とはいえ、移動時間はかぎりなくゼロなのがバーチャル音楽フェスのいい点だ。リアルのフェスでステージ間の移動で大変な思いをしたり、混雑に巻き込まれてライブに間に合わなかった経験がある方なら賛同いただけるはず。ただし、体感でいえば、昨年の感覚で1、2分前に行くと入りたいインスタンスからあぶれてしまっていたので、特に見たい公演はより早めの行動が求められるだろう。
なお、チケット購入時に自動的に割り当てられる指定インスタンスに入ったり、「自由インスタンス2」以降に入ることで少人数で楽しむことも可能。例えば「推しのスクショを大量に撮影したい」といった場合には、観客がたくさんいるインスタンスよりも、少人数のインスタンスの方が他人を気にせず撮影できるため良いだろう。
個人的には、まわりにたくさん人がいる方が熱気を感じて楽しいので、なるべく自由インスタンス1で観たいと感じた。
B3に出演するバーチャルアーティストは、VTuberのファンやVRChatに慣れている方にとってはそれぞれが人気・実力ともに優れたアーティストぞろいなので、今回はあらためて取り上げない。しかし、「原因は自分にある。」についてはよく知らない方もいるのではないだろうか? かなり面白いライブだったので取り上げたい。
●原因は自分にある。– げんじぶが問いかける「バーチャルライブ」
タイムテーブルが発表された際、VTuberであるピーナッツくんがB2に出演するのと同様に、リアルアーティストである彼らがB3に出演することも気になった方もいるはず。
ライブが始まり、メンバーの特徴を反映してかわいくデフォルメされた二頭身アバターで登場すると、かわいい見た目とは裏腹に、キレのあるダンスを披露して圧倒する。
アバターが二頭身であっても、動ける人が動かすとこんなにキレのある動きができるのだと驚かされる。
かわいいのにかっこいいというギャップが面白い一方で、せっかくイケメン7人組のボーイズグループなのに、かわいさに振ってしまってもったいないと感じたのも事実だった。
しかし、一度暗転してからラストの曲「原因は君にもある。」が始まって明るくなると、リアル頭身のアバターに変身を遂げ、かっこよさに全振りしていた。先ほどまでと同じ人によるパフォーマンスなはずだが、リアル頭身になるだけでイケメン度が急激に上がってしまって大変心臓に悪い。こんなことなら二頭身のままでよかったのに。
曲のクライマックスである、原因を突き詰めるように「やっぱり君のせいだろ」「それとも僕のせいなのかい?」と畳みかけるパートでは歌詞もサンリオVfes仕様になり、ラストは「明らかにサンリオ、君たちのせいだ」で締められているという、彼らがそこにいる「原因」を示唆するようなライブ演出になっていたのが彼ららしい。
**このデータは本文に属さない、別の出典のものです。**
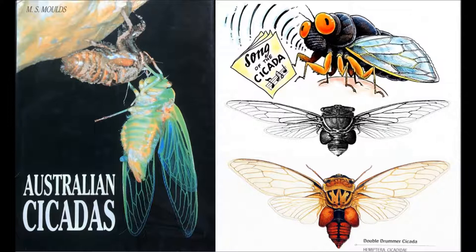I hope you've enjoyed your introduction to cicada song today, and a huge thank you to Dr. Lindsay Popple, entomologist and sound recordist for this episode. I'm Anne Jones, and you've been listening to RN's Off Track.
当日は、同じ時間にB4でmemexがライブをしていたこともあり、多くの観客はB4に行っていた事と思うが、ぜひタイムシフトでは見て欲しい。
B2「LUNA STAGE」に起きた異変 VR時代のライブがここに
サンリオVfesをVRChat会場に見に来る方はVRに親和性の高いVTuberファンの方が多いからか、B2では「自由インスタンス1」が基本的に空いていた。もしもタイムシフトでもう一度サンリオVfesを見ようと考えている方は、ぜひB2も体験して欲しい。リアルアーティストにはあまり興味がないという方にとっても、想像を超える「破壊」がそこにはあるはずだ。
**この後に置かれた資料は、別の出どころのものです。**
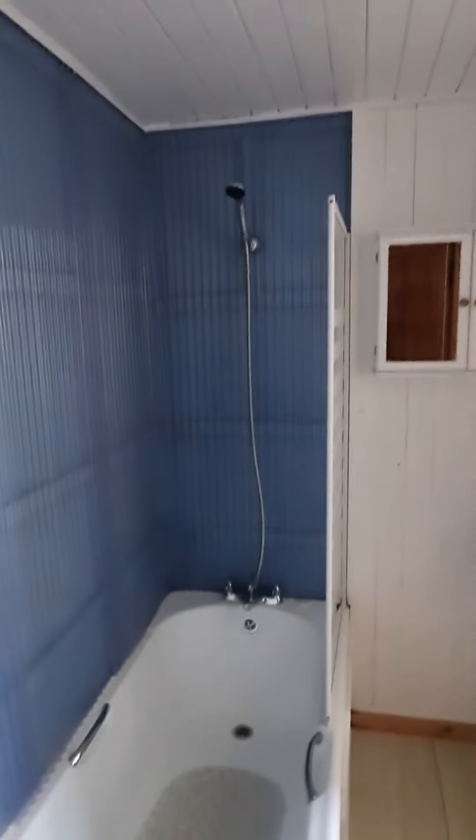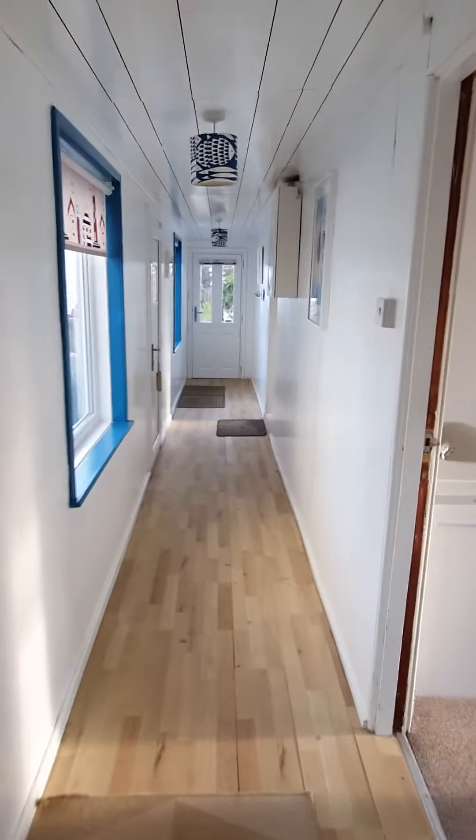Bath and shower. Not too shabby. Pretty cool. Right, bye bye.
リアルアーティストがライブをするB2は「サンリオピューロランドの地下に突如誕生したバーチャル空間」でありながら、空を見上げると星がまたたく幻想的で開放的な野外フェス会場のようにできていた。
ステージは実際にサンリオピューロランドにある「フェアリーランドシアター」と同じように作られているところが、サンリオファンには嬉しい演出と言える。
サンリオVfesの第二回となる今回は、エントランスが拡張されヴァーチャルピューロヴィレッジへ降りることができるようになったが、フェアリーランドシアターは実際のピューロランドではピューロヴィレッジにあるため、今回の拡張でステージとして現れたということだろうか。リアルとバーチャルの連続した関係性にワクワクしてしまう。
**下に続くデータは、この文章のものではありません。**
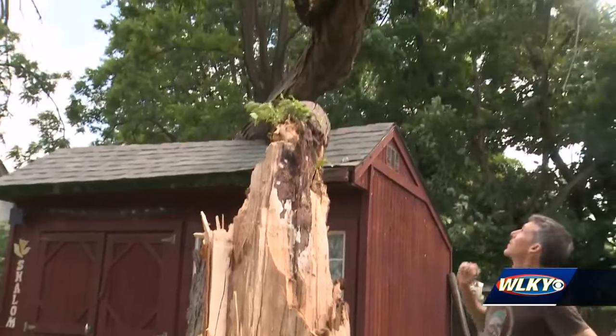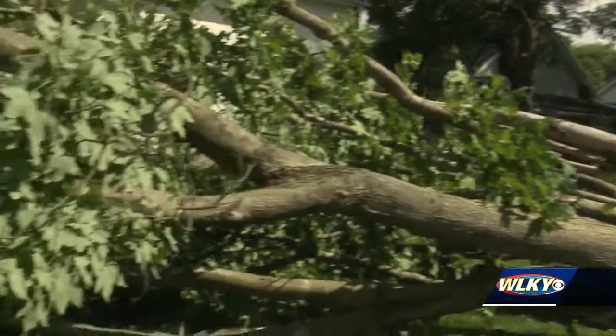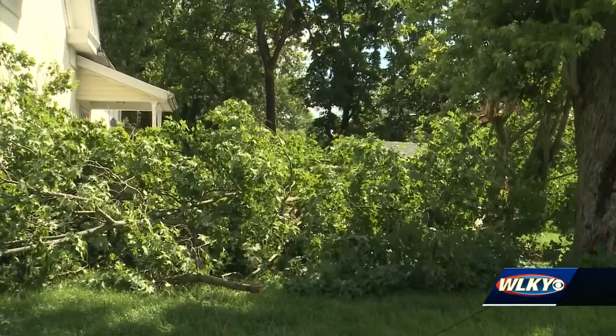Nathan Fouts walked us around the gigantic tree that fell next to his home. He says he and his wife watched it fall from the kitchen window. It barely missed his house.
ここからは、いくつかのライブをピックアップして紹介する。
●MIKU BREAK – バーチャルとリアルの境界線をBREAKするユニット
B2のオープニングアクトは「MIKU BREAK」。「リアルとバーチャルの境界を”BREAK”する」というテーマのもと、「初音ミク」とテックダンスフュージョン集団「CONDENSE」が先端映像演出でコラボレーションしたユニットだ。公式サイトにある「※パフォーマンスは、アバターでの出演となります」という注意書きが気になったが、始まってみると想像を超えるパフォーマンスが繰り広げられていた。
単にアバターでダンスパフォーマンスをするだけでなく、現実では難しいようなスライド移動とダンスを組み合わせたパフォーマンスは圧巻。目まぐるしく変化するスピーディーな演出は、アニメや映画のバーチャルライブのようだ。
視界ジャックなど、VRらしい演出を使いこなしているので観ているだけで楽しく、ノリやすい音楽なので自然と踊っているうちに、あっという間にライブが終わってしまった。さすが、ストリートカルチャーと映像演出の融合を日頃追求しているグループである。
初音ミクは前回も出演しており、B3ではVTuberの「東雲めぐ」とも共演していたが、B2ではボカロP出身のアーティスト「キノピオピー」が本人の姿のまま共演するというリアルとバーチャルの懸け橋となるようなパフォーマンスを見せている。そして、今回はついにリアルアーティストをバーチャル空間に召喚してしまった。こんな芸当はきっと初音ミクにしかできないだろう。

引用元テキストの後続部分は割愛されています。